GIVEN DATA -
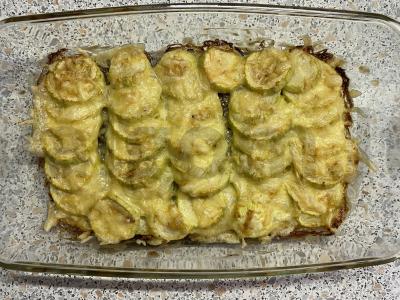 Kepti cukinijos su majonezo-česnako padažu ir sūriu pagrindine nuotrauka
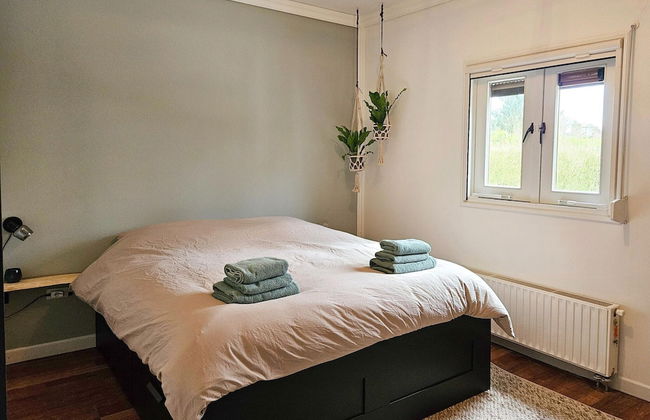 Beautiful Holiday Home With Spacious Garden - Photo 3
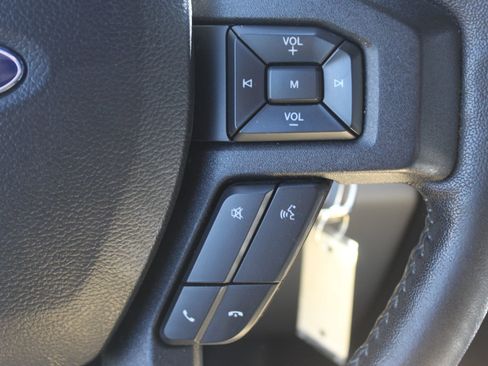 Used 2019 Ford F150 XLT w/ Equipment Group 302A Luxury AWD/4WD image 26
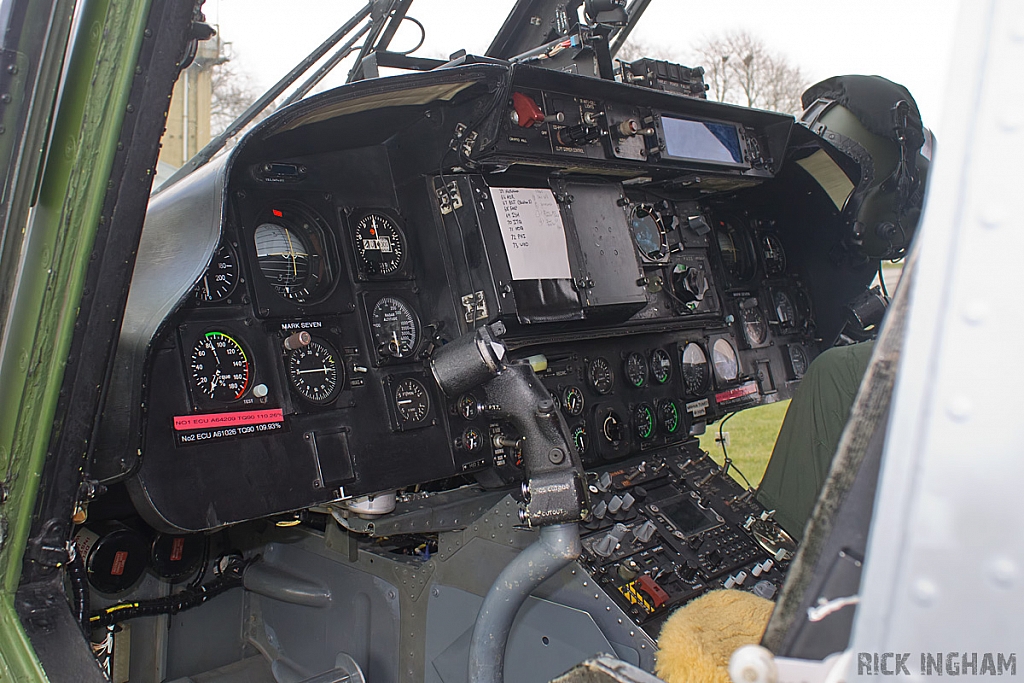 Cockpit of Westland Lynx AH7 - XZ177 - Royal Marines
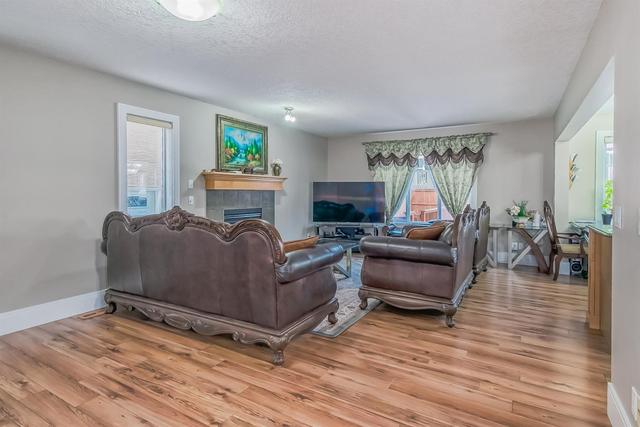 15 Saddlecrest Gardens Ne, House detached with 3 bedrooms, 1 bathrooms and 2 parking in Calgary AB | Image 5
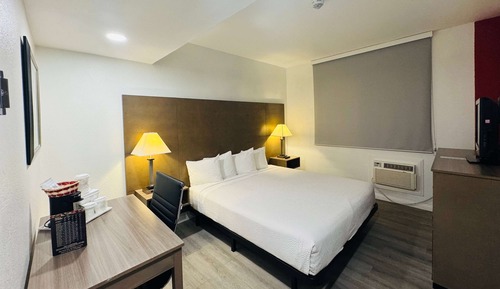Room, 1 King Bed, Accessible, Non Smoking (Mobility/Hearing)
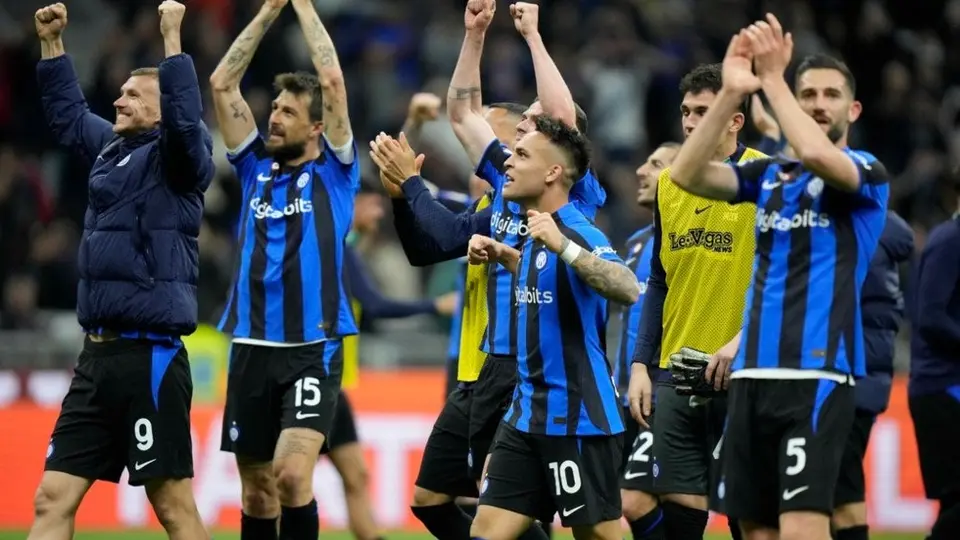 El Inter derrota por la mínima a la Juve y sueña con el triplete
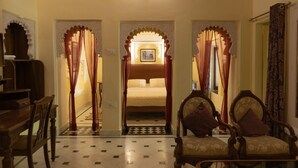 Luxury Suite - Fort Dhariyawad Heritage Hotel Udaipur (Dhariyawad)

WORK ITEM -
Repeat exactly the line containing "15 Saddlecrest Gardens" and every line after it through the end of the records, and nothing else. Leave the pictures out.

TASK SOLUTION -
 15 Saddlecrest Gardens Ne, House detached with 3 bedrooms, 1 bathrooms and 2 parking in Calgary AB | Image 5
Room, 1 King Bed, Accessible, Non Smoking (Mobility/Hearing)
 El Inter derrota por la mínima a la Juve y sueña con el triplete
 Luxury Suite - Fort Dhariyawad Heritage Hotel Udaipur (Dhariyawad)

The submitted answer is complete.